Bonferroni Correction
Introduction
When many hypothesis tests are performed simultaneously, the probability that at least one rejects a true null grows rapidly. The Bonferroni correction is the simplest, most conservative way to control the family-wise error rate (FWER): divide the target \(\alpha\) by the number of tests.
Prerequisites
Hypothesis testing, Type I error.
Theory
For \(m\) tests each at nominal \(\alpha\), if all nulls are true, the probability of at least one false rejection is
\[P(\text{any rejection}) \leq m \alpha\]
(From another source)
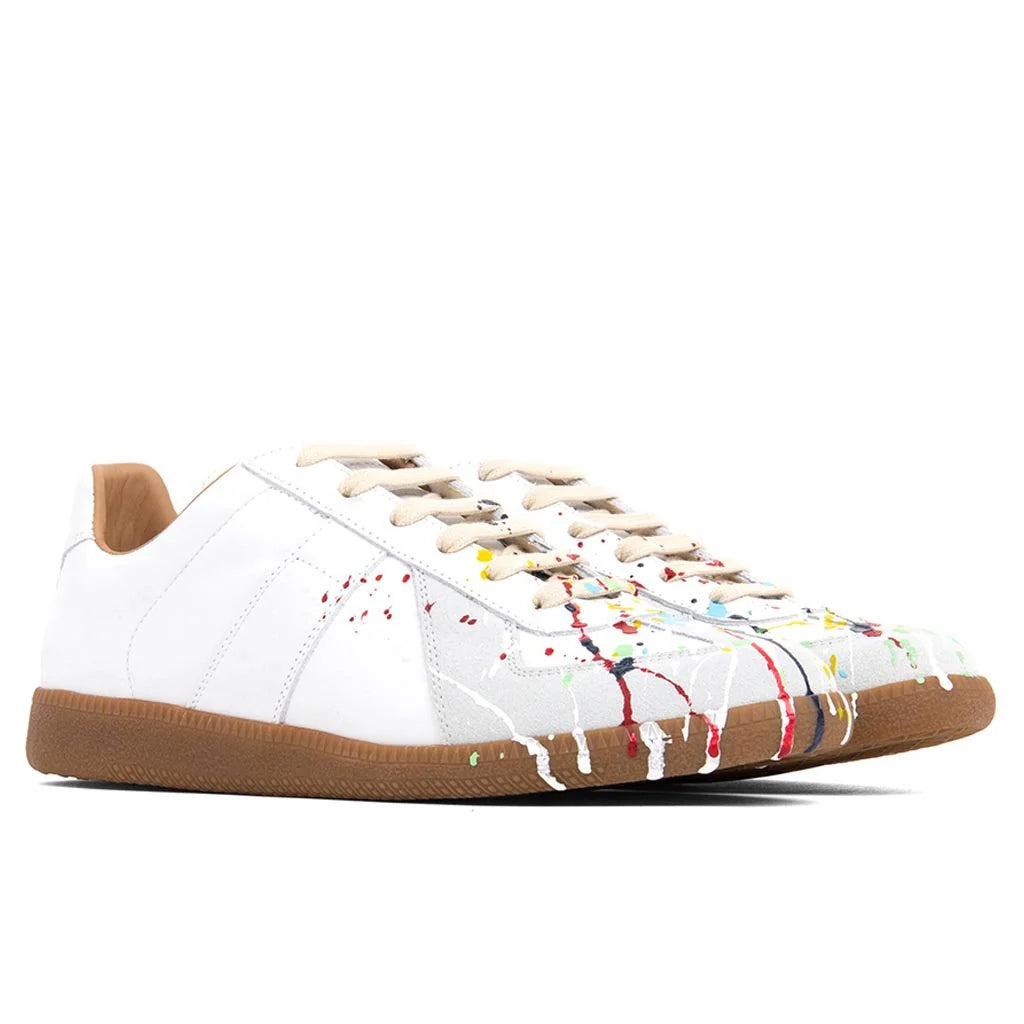 Replica Low Top Suede Paint Drop White Multi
by the union bound. To keep the overall rate below \(\alpha\), test each hypothesis at \(\alpha_{\text{per}} = \alpha / m\).
Equivalently, multiply each raw p-value by \(m\) and compare to \(\alpha\):
\[p_j^{\text{adj}} = \min(1, m p_j).\]
Properties:
- Always controls FWER at exactly \(\alpha\) regardless of dependence structure among tests.
- Very conservative when tests are positively correlated.
- Powerful only when \(m\) is small; the correction becomes harsh as \(m\) grows.
Assumptions
No distributional assumptions about the tests themselves; Bonferroni works for arbitrary dependence. The cost is a lower power for each individual test.
R Implementation
set.seed(2026)
# Ten simulated test statistics under a mix of null and alternative
n_each <- 30
groups <- LETTERS[1:11]
y <- c(rnorm(n_each, 50, 10), # group A (control)
rnorm(n_each, 50, 10), # B null
rnorm(n_each, 52, 10), # C small effect
rnorm(n_each, 48, 10), # D
rnorm(n_each, 55, 10), # E real effect
rnorm(n_each, 50, 10), # F null
rnorm(n_each, 58, 10), # G large real effect
rnorm(n_each, 51, 10), # H
rnorm(n_each, 49, 10), # I
rnorm(n_each, 53, 10), # J
rnorm(n_each, 50, 10)) # K
grp <- rep(groups, each = n_each)
# Pairwise t-tests vs group A
p_raw <- sapply(groups[-1], function(g)
t.test(y[grp == g], y[grp == "A"])$p.value)
p_bonf <- p.adjust(p_raw, method = "bonferroni")
p_holm <- p.adjust(p_raw, method = "holm")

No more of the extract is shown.